I'm a fantasy and young adult fiction writer. Here, you'll find book reviews, writing tips, personal opinions, and updates on my work. New posts every Friday.
The schedule I’ve been using for a few months is still working well for me, overall. It’s gone through some adjustments, and I’ve had some pretty rough days where things just fell apart, but it’s good to be in a place where those unproductive days don’t snowball into whole weeks of frustration and self-recrimination.
The dogs and the bunny have even gotten on board. They each get a quick training session every morning before I sit down to work. Their increased biddability does not hurt my focus, even though it probably is just an act they’re keeping up while they plot my doom. I’ve also been managing to regularly fit in yard work like raking, weeding, and planting beautiful flower bulbs for the squirrels to dig up and throw around like tiny beach balls. I’ve read/listened my way through more than a few books already this year, and I’ve even been doing a little bit of freelance writing.
There’s still always that impulse to think everything is going well, so I might as well add, like, ten or fifteen new things to my list this week. I remind myself that I can only manage a little bit more at a time, but then it all seems equally important, so I tell myself that a lot more will just have to be fine. (Spoiler: it wasn’t. It never is.)
I’ve never managed to run at my full capacity without immediately going over the red line and into rapid burnout levels of stress. Part of the problem is that it’s genuinely challenging for me to tell the difference between the two sides of that line, having had so little experience with balancing near it for any length of time. Consistent effort of any kind is tiring in a different way from a sprint or a last minute scramble before a looming deadline, and gauging its effects probably takes practice.
Some things that happened over the last couple of months:
We had an unexpected houseguest who stayed with us for a month and some change.
My dogs consequently developed the delightful habit of baying almost constantly at any hint of someone walking by the house, instead of just barking their heads off at the odd squirrel or package delivery. It was not great for my nerves.

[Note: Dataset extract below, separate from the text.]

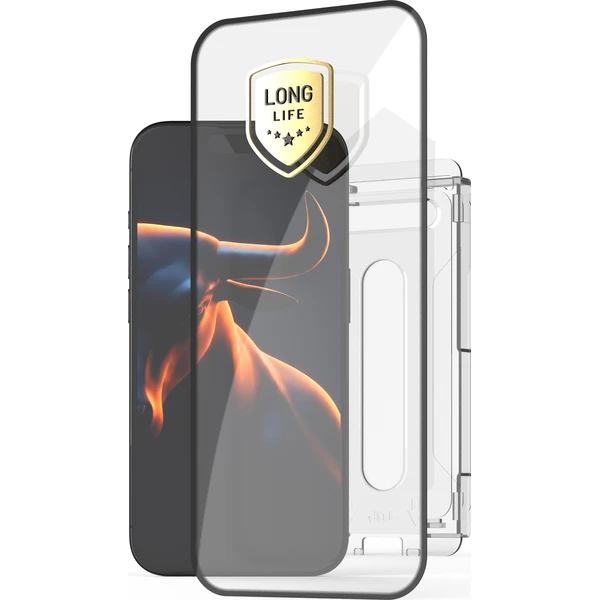 FIXED Armor Long-Life tvrdené sklo s aplikátorom Apple iPhone 18 Pro Max čierne - Ochranné fólie a sklo - Hlavný obrázok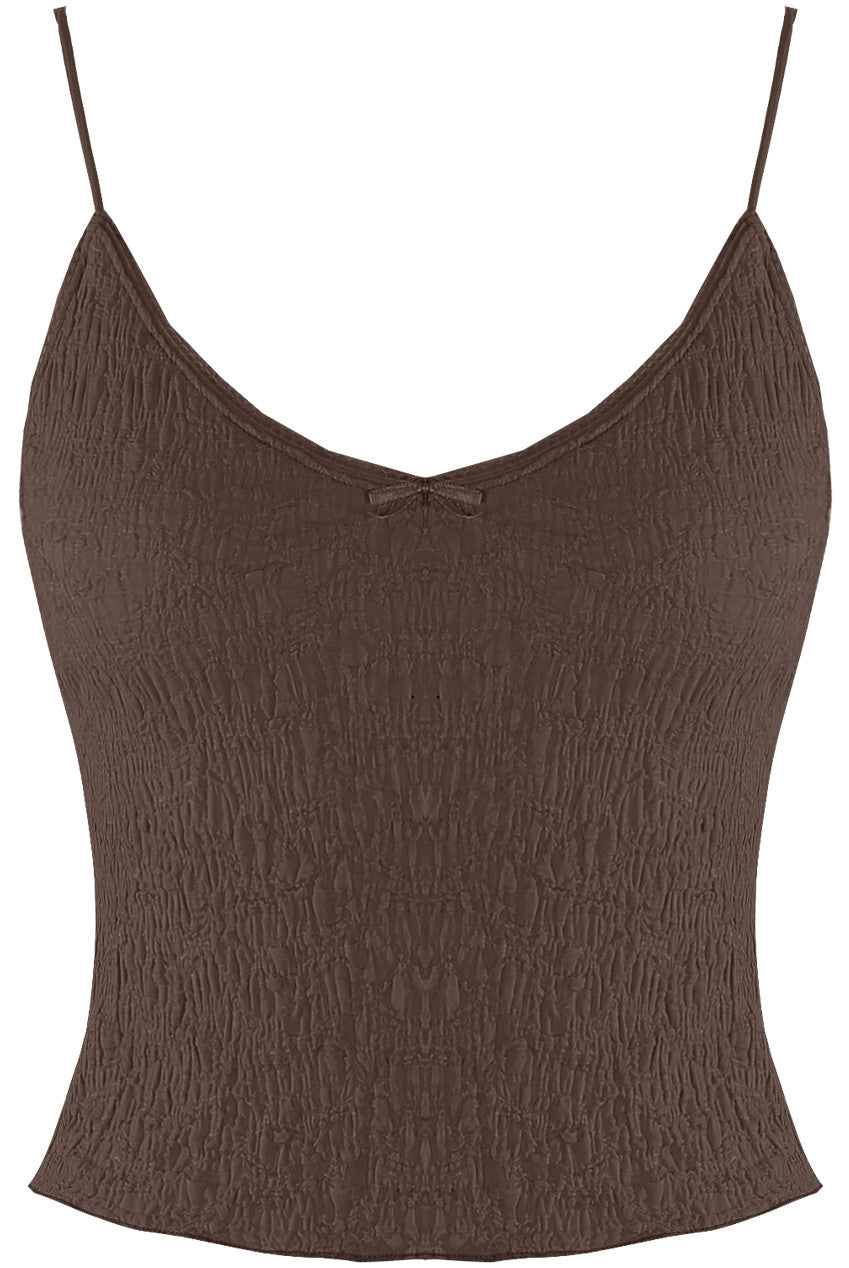 MAEVE - Textured Strappy Cami Sage Brown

I adopted a little rabbit in need. His name is Frodo. He has some special needs that he’ll hopefully grow out of, so I occasionally get to stay up until 4am nursing him. It’s okay, though. He gives me cute bunny kisses to make up for it.
Some of the African violets my friend gave me finally bloomed for the first time, and they were lovely. For a couple of days.
Frodo ate all the flowers off of the African violets, dug up a fern, and then decimated my windowbox basil, making himself temporarily ill and living up to his hobbit name.
The beautiful fish pond that came with our house quit working for real and several solid weekends of work haven’t managed to get it up and running yet. Our fish are not happy about this, but the mosquitos are.
An unexplained fly invasion of almost biblical proportions. The lizard and our small, bouncy dog enjoyed this more than I did.
Several meltdowns on my part, or possibly one slow and prolonged meltdown that lasted for about a month and some change.
I eventually stopped banging my head against a brick wall in my Somnolence manuscript and decided to work on something lighter for a while, so I’m currently writing the second draft of a young adult book that’s been waiting in my project list for years. It is cute and it has dragons. Jumping between projects usually isn’t recommended, but if it’s between less than ideal practice and another month of being too stressed and up in my own head to actually get words on the page, I’ll take it. Some words written, even on what’s technically the wrong project, are infinitely better than no words written at all.
I learned how to make pizza without garlic or dairy, so my husband and I can both eat it, and it is really awesome.
I completely reworked my scheduling practices and managed to wrench my sleeping patterns back to mostly normal and almost enough rest each night.
I got a couple of very cute pink plants today, partially as a reward to myself for pulling my shit back together after letting myself get pretty thoroughly derailed, and partially as a bribe to myself to get back into writing blog posts even though it’s embarrassing to have just vanished for two months. So, I’m back now.
I’ve recently come back to meditation. It has helped me immensely in the past, but I tend to forget about it when I’m feeling good and I get more active. Over the summer, I get outside more often and the sun makes me feel better in general. In the winter, I start to get foggy, tired, and more easily depressed and anxious. I start to struggle more with repetitive and upsetting thoughts, and tend to spiral into feeling angry or depressed about things in the past. All of that hurts my overall mood and ability to be productive, and all of that is exactly the kind of stuff that meditation, even just a few minutes of meditation a day, can help to reduce.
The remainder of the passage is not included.